Member:葉月(Vo) 玲央(Gt) 悠介(Gt) 明徳(Ba) 晁直(Dr)

Interviewer:杉江 由紀

-明徳さんの場合、旧作の『THE AVOIDED SUN』と『SHADOWS』(2009年リリースの4thフル・アルバム)が作られた際にはまだlynch.未加入の状態でした。前作に引き続いてのリテイク第2弾の作業は、ご自身にとっていかなる意味を持つものとなりましたか。

明徳:今回の『THE AVOIDED SUN』と『SHADOWS』も僕からしたら作品に初参加するような形なので、これでようやくlynch.の歴史完全コンプリートができたっていうのがやっぱり嬉しいです。そして、今回ベースのレコーディングはちょうどツアー("XX act:5 TOUR'25「UNDERNEATH THE GREED」")をやってた6月から始まったんで、lynch.の20周年の歴史を振り返るライヴをしながら録っていけたっていうのが、マインド的にもプレイのノリ的にもすごく良かったです。

-スケジュール的には相当大変だったのでしょうけれどもね。

明徳:そこはちょっと厳しかったですけど(笑)。でも、すごく良いタイミングで制作することができたなと感じてます。

-音の部分で明徳さんがこだわられたのはどのようなことでしょうか。

明徳:話に出てるように、いろいろ当時から変わってる部分があるのは当然のことで、あの時代にlynch.みたいなヘヴィでラウドでスピードのある音を出していくとなると、バンド自体もそうだし、楽器的な部分やエンジニアも対応しきれていなかったところがあったと思うんです。みんな一生懸命もがきながらやってて、そういうなかだからこそ生まれた音もきっとあるんです。そういう意味で、今回ツアー中にレコーディングすることができたっていうのは音響の面でも良かったと思います。

-ダイナミックな臨場感を反映させることができたわけですね。

明徳:恐らくこれが落ち着いてる状態でのレコーディングだったら、今の技術を活かしながらきれいな音で録ってたような気がするんです。ライヴのモードで録れたことによって、きれいすぎない音を上手く残すことができました。

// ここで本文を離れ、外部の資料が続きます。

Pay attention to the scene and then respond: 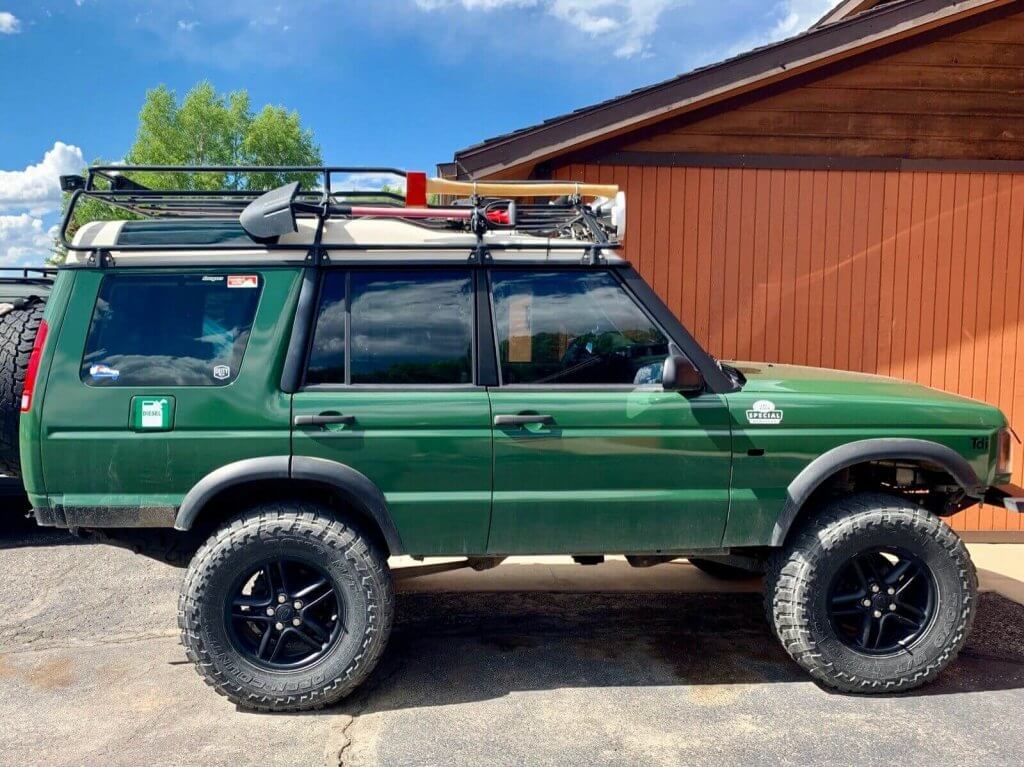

-さて。ここからは今作のDisc.2に収録されている2009年発表の『SHADOWS』についてもう少し細かいお話をさせていただきたいと思います。というのも、あの当時の記憶として、lynch.は『SHADOWS』でバンドとしての存在感を完全に確立したな、と感じていたところがありまして。今回改めてこのアルバムと向き合ったときに、そうした感覚をメンバーの皆さんが持たれるようなことはあったのでしょうか。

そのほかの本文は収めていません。